# TASK OBJECTIVE
Send back the line that contains "Aerial view of" and all lines following it through the end of the data below, exactly, omitting pictures.

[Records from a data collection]

== Segment start ==

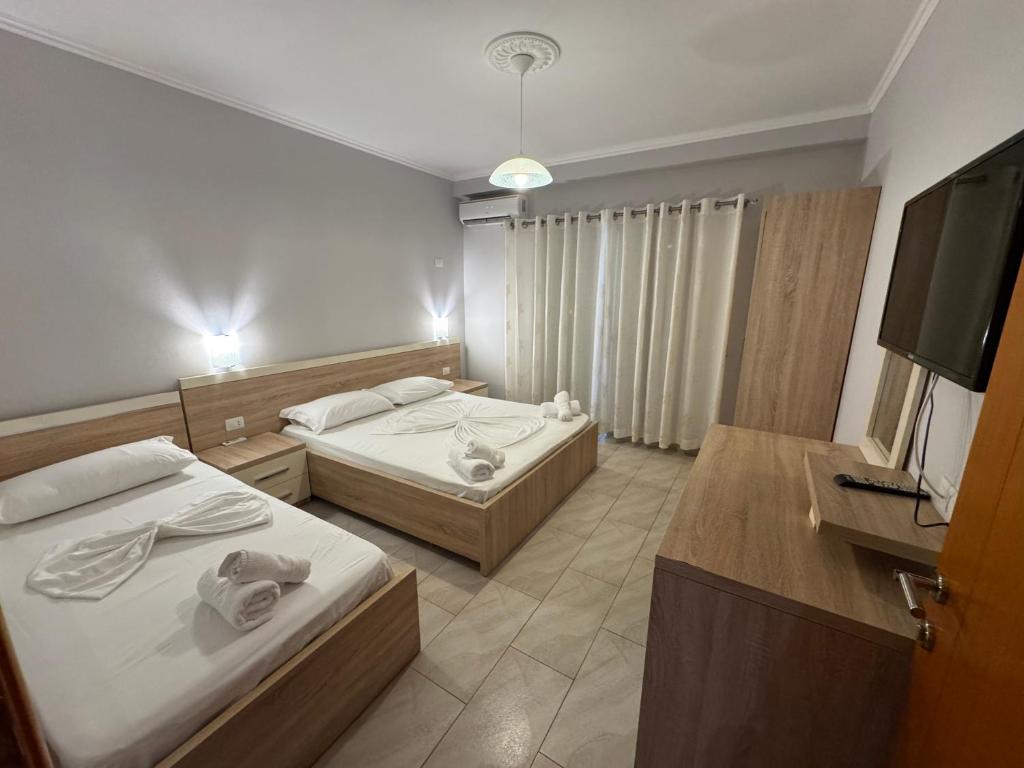 a bedroom with two beds and a flat screen tv at Augustus Hotel in Dhërmi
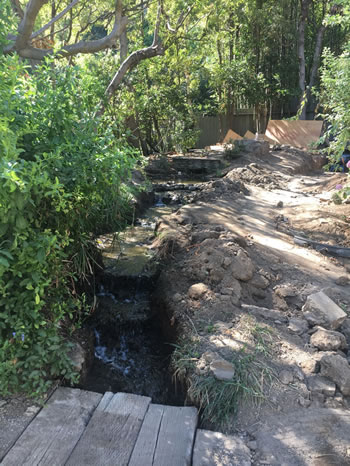 Earlier unsuccessful attempts left this dried up stream bed.
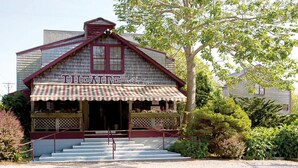 A wooden building with a sign reading "THEATRE by the Sea".
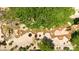 Aerial view of a tranquil water feature with rocks, plants, and lush landscaping in a park-like setting at 6535 E Superstition Springs Blvd # 146, Mesa, AZ 85206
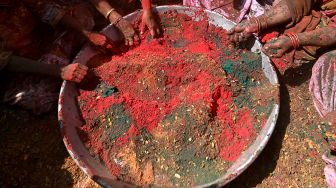 Para janda duduk mengelilingi nampan yang berisi Gulal (bubuk warna) saat mereka berpartisipasi dalam perayaan Holi di sebuah kuil di Vrindavan, India, Selasa (15/3/2022). [Money SHARMA / AFP]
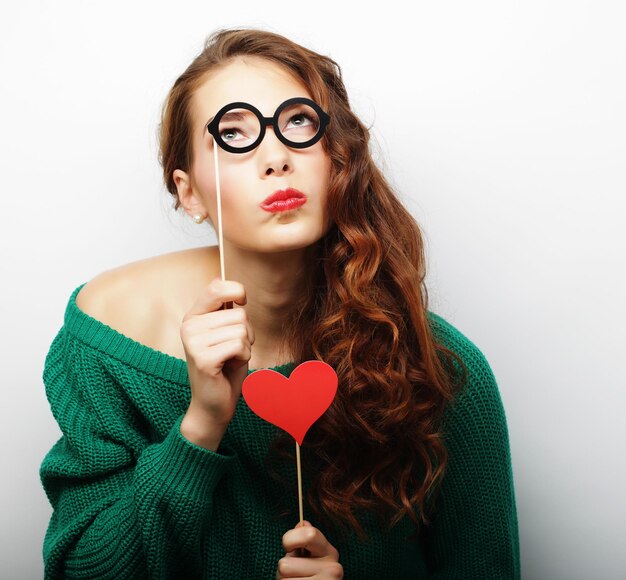 Image de fête Jeune femme espiègle tenant des lunettes de fête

== Segment end ==

# ANSWER SECTION
 Aerial view of a tranquil water feature with rocks, plants, and lush landscaping in a park-like setting at 6535 E Superstition Springs Blvd # 146, Mesa, AZ 85206
 Para janda duduk mengelilingi nampan yang berisi Gulal (bubuk warna) saat mereka berpartisipasi dalam perayaan Holi di sebuah kuil di Vrindavan, India, Selasa (15/3/2022). [Money SHARMA / AFP]
 Image de fête Jeune femme espiègle tenant des lunettes de fête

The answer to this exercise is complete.